Wherever an image appears in the data, omit it and copy all the remaining text word for word.

DATASET CONTENT:
******************************

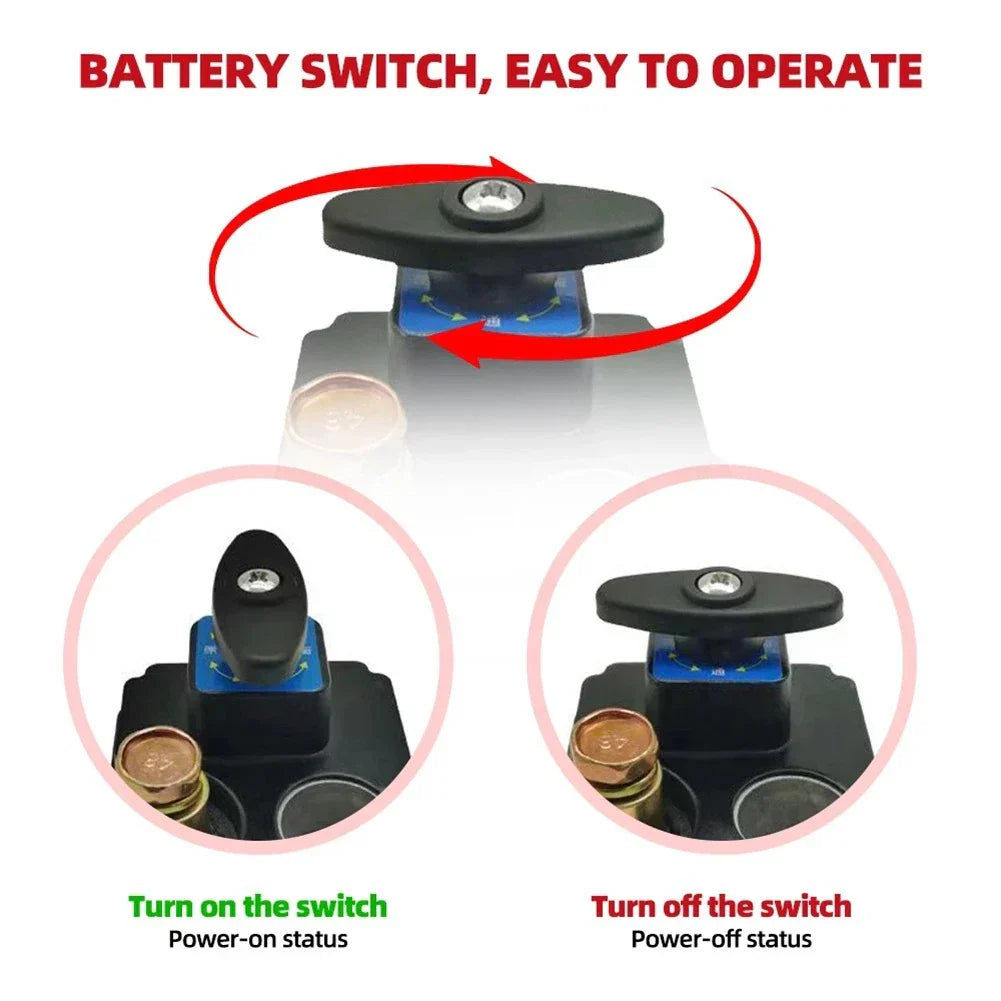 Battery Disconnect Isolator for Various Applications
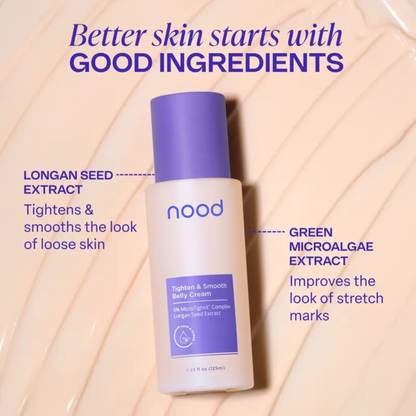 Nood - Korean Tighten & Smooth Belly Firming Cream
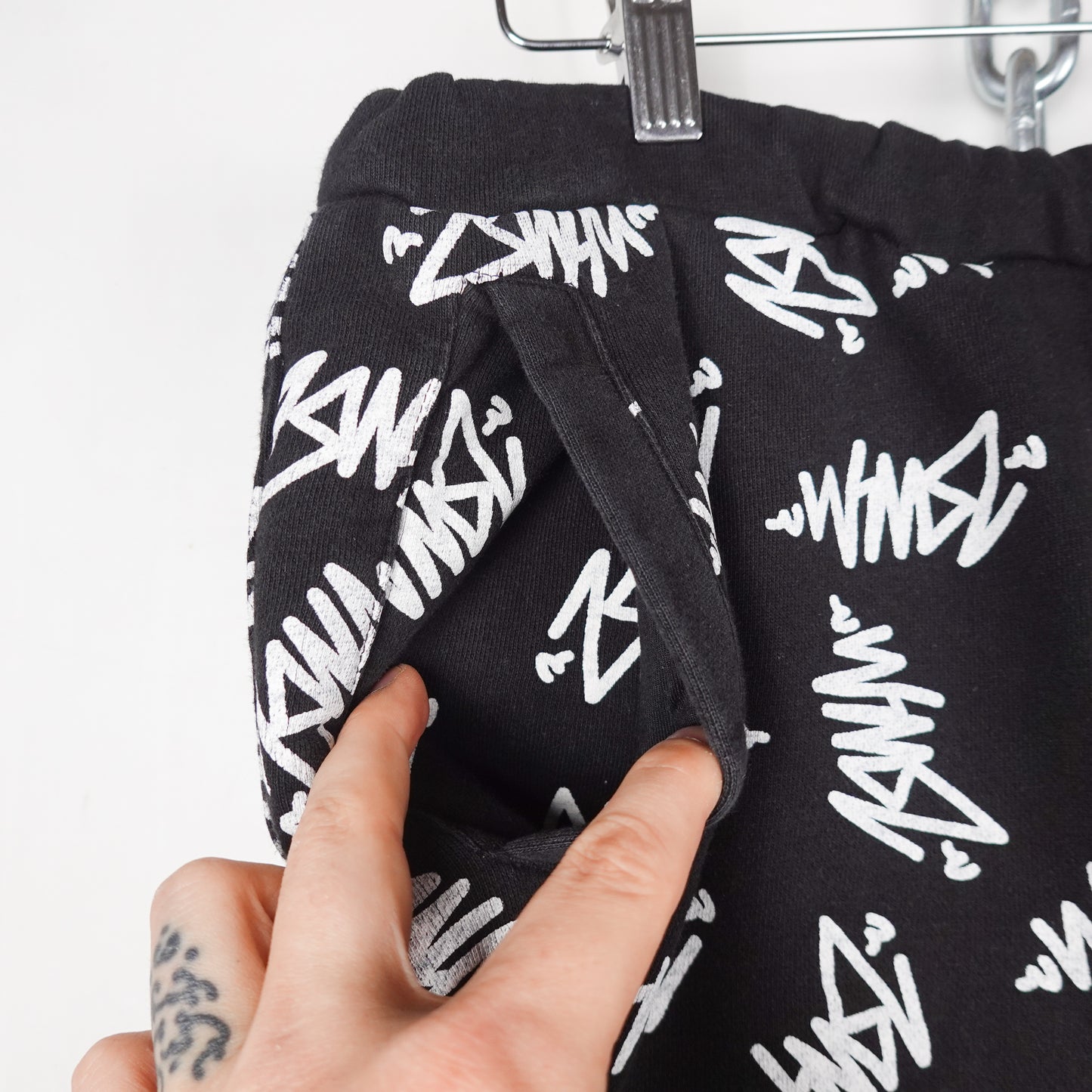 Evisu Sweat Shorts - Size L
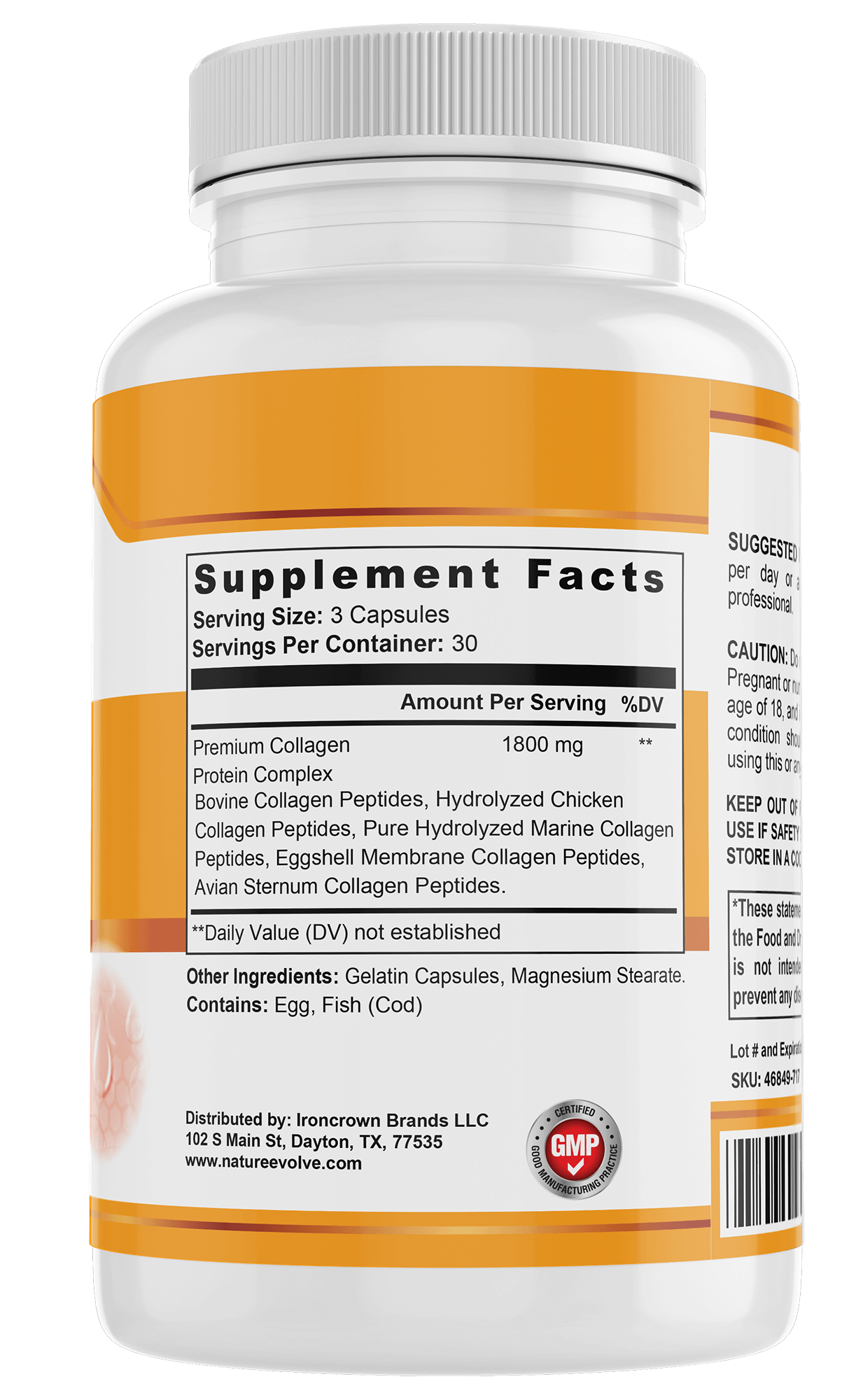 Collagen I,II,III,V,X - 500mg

******************************

EXERCISE ANSWER:
 Battery Disconnect Isolator for Various Applications
 Nood - Korean Tighten & Smooth Belly Firming Cream
 Evisu Sweat Shorts - Size L
 Collagen I,II,III,V,X - 500mg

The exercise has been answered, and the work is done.